Sent from my iPhone using Petguide.com Free App


----------



## shellbeme (Mar 1, 2011)

Rocky's are all black Tucker has some random pink toes  I love his pink toes.


----------



## IvysMom (Dec 24, 2012)

I'm embarassed to say I had to go look. Ivy was sleeping on my lap so I just had to unfold her from the ball she was in. 
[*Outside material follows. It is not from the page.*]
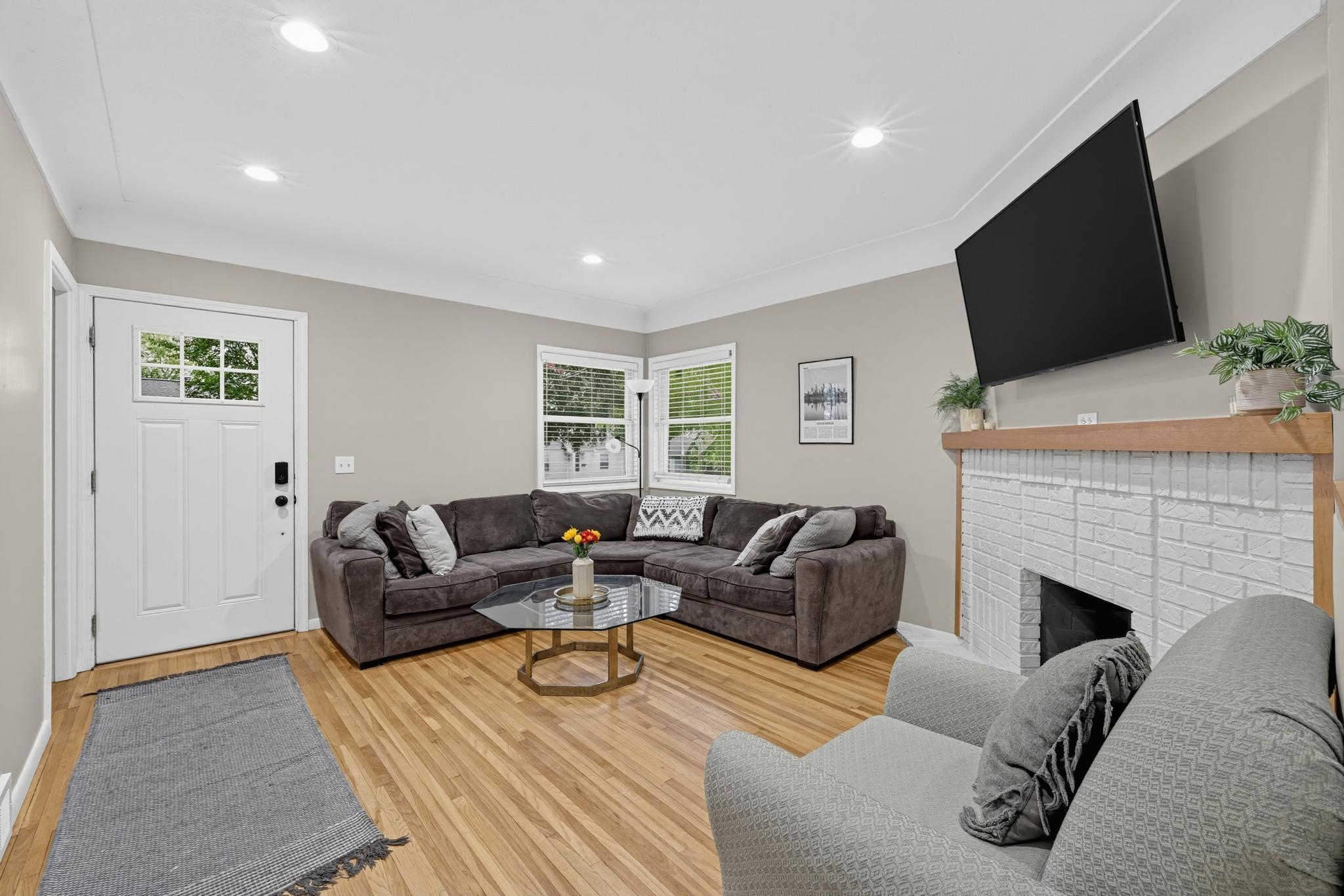 View of Residential at 3514 3rd Street, Minneapolis MN 55418, Minneapolis (2 of 24) - Mike Wilen | Minnesota Team Real Estate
Ivy's are all black. I have no idea what is most common with Maltese, black, pink, or a mixture of both.


----------



## eiksaa (Jun 8, 2012)

Gustave's are all black. I love them! Makes for fun pics like these


----------



## ladodd (Jan 8, 2012)

My current 3 have all black pads. Luci had some pink on hers, I thought they were cute.


----------



## Yogi's Mom (Jan 6, 2013)

*Yogi's Are All Black.*


----------



## Furbabies mom (Jul 25, 2011)

Dewey and Laurel's are all black.


----------



## MoonDog (Jun 6, 2011)

Griffin's are mostly black with some pink and his front paws are bigger than his back paws. HUH?


----------



## Mallen600 (Oct 27, 2012)

Henry's are all black except for one with a white spot


----------



## Leila'sMommy (Oct 20, 2012)

Leila's are all black. 


Sent from my iPhone using Petguide.com Free App


----------



## Orla (Jul 5, 2009)

One of Milo's is all black and the other 3 are black and pink.

They're supposed to be black - but for pets, it doesn't matter if they're not


----------



## Mia's Grammy (Jul 27, 2012)

Hi,
Mia's were black,pink and white when she was 6 weeks old and have been changing ever since. Tonight after her bath I checked and they are almost completely all black. She is now 7 months old. Her tan spots are fading out also. Shes cute no matter what just like yours! :aktion033:


----------



## bellaratamaltese (May 24, 2006)

They are supposed to be black and some judges do check the paw pads in the show ring (although you won't get disqualified for pink) Of course, just coloring them in with a black sharpie pen takes care of that problem!


----------